Guest post courtesy of IU Communications multimedia intern Milana Katic:

Oysters, honey, chocolate-covered strawberries – everyone knows the reputations behind these sensual snacks, and now the Kinsey Institute is holding an exhibition in their honor.

Chocolate Toes

“Chocolate Toes,” color photograph by David Deaubrey. Courtesty of the Kinsey Institute.

Opening this Friday, Kinsey’s fall exhibition “The Taste of Seduction” is all about the association of food with sensuality, from erotic photography depicting food to ceramic teacups with a turn-on. The exhibition is part of Indiana University’s 2014 Themester “Eat, Drink, Think: Food from Art to Science,” and it’s sure to add a flavorful layer to an already food-filled semester.

“As soon as we heard about this year’s Themester, we thought: ‘Food and beverages, we can do that,'” said Catherine Johnson-Roehr, Curator of Art, Artifacts and Photographs at the Kinsey Institute. “We have a lot of artworks in which food and drinks are featured in a variety of ways, so we immediately decided we’d put together a show to display that aspect of our art collection.”

In addition to showcasing a collection of art and artifacts spanning a variety of artistic genres, the opening reception will include taste stations filled with your choice of edible aphrodisiacs. Each area will include a brief description on why the food is interpreted as an aphrodisiac — some with scientific explanations and others cultural.  Tierney Lorenz, post-doctoral fellow at Kinsey, says much of the science of aphrodisiacs is based on little empirical evidence.

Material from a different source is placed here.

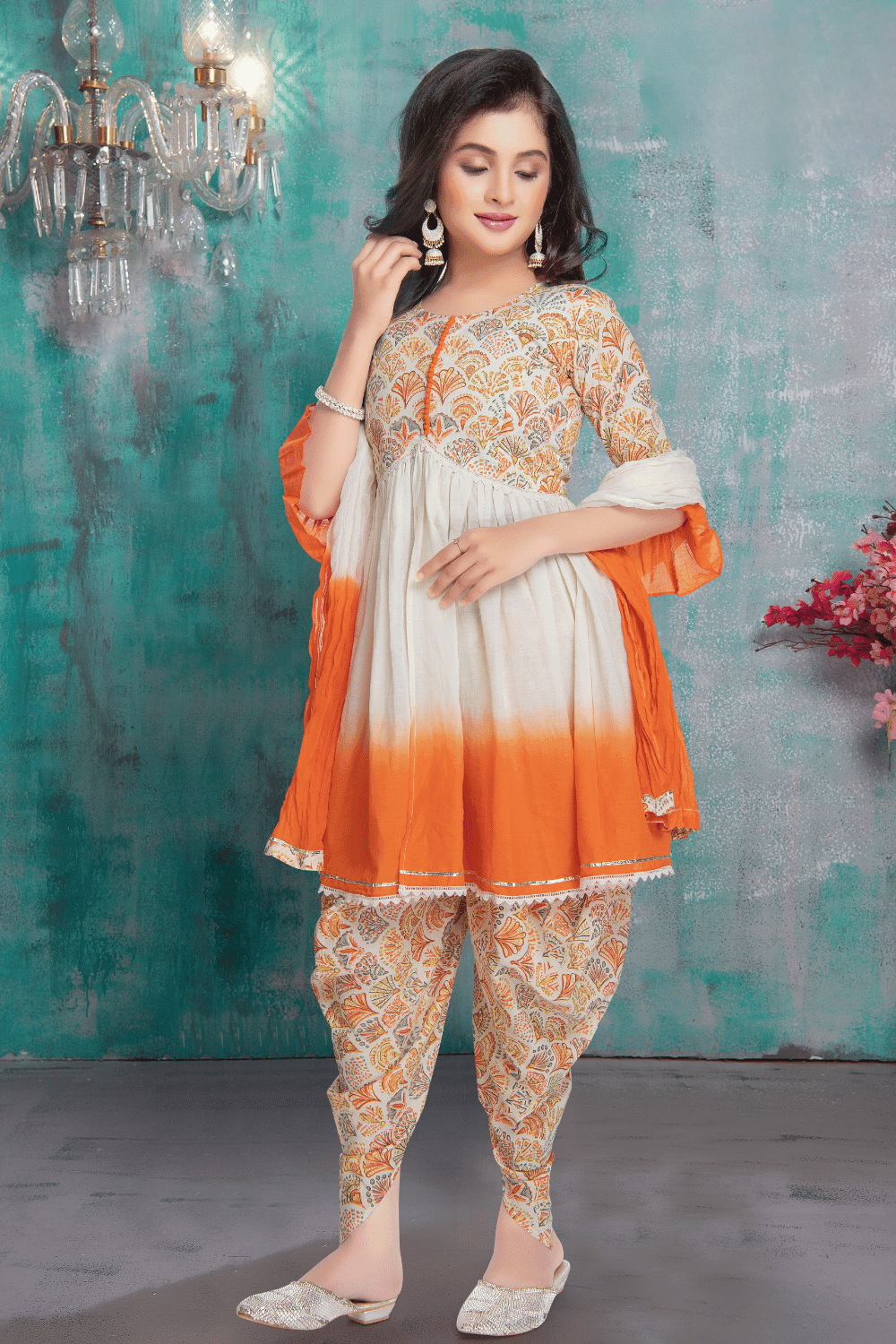 Half White with Orange Digital Print Dhoti Style Peplum Kurti for Girls - Seasons Chennai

“Unfortunately, science has not given us a strong basis by which to say that any one food item is going to be an aphrodisiac, but that certainly doesn’t stop people from trying,” said Lorenz. “There is a very powerful cultural aspect in food practices and myths about food. Those can have a prominent effect on sexual desire and pleasure, and that’s nothing to be scoffed at. The science of placebo says that they can still have very powerful effects.”

Women Drinking Beer

“Women Drinking Beer,” photograph. Courtesy of The Kinsey Institute.

“We’re not claiming that any of these foods will make people run out and have sex, but it’s just a fun and different way to approach the subject of food and its role in romance and sexual expression,” said Johnson-Roehr. “The reception should be a pretty interesting and flavorful event.”

The opening reception, “Arousing Desire with Edible Aphrodisiacs” will be held from 4:30 p.m. to 7 p.m. Sept. 19 in the Kinsey Institute Gallery. “The Taste of Seduction” is opening in tandem with Kinsey’s other fall exhibition “Undress Me: A Peek at 19th and 20th Century Undergarments,” a collaborative exhibition with the Sage Collection. Both shows will remain at the gallery until Dec. 23.

The event and exhibitions are free to the public. You must be 18 or older to attend unless accompanied by a parent or guardian. The Kinsey Institute Gallery is open from 1 p.m. to 5 p.m. weekdays or by appointment.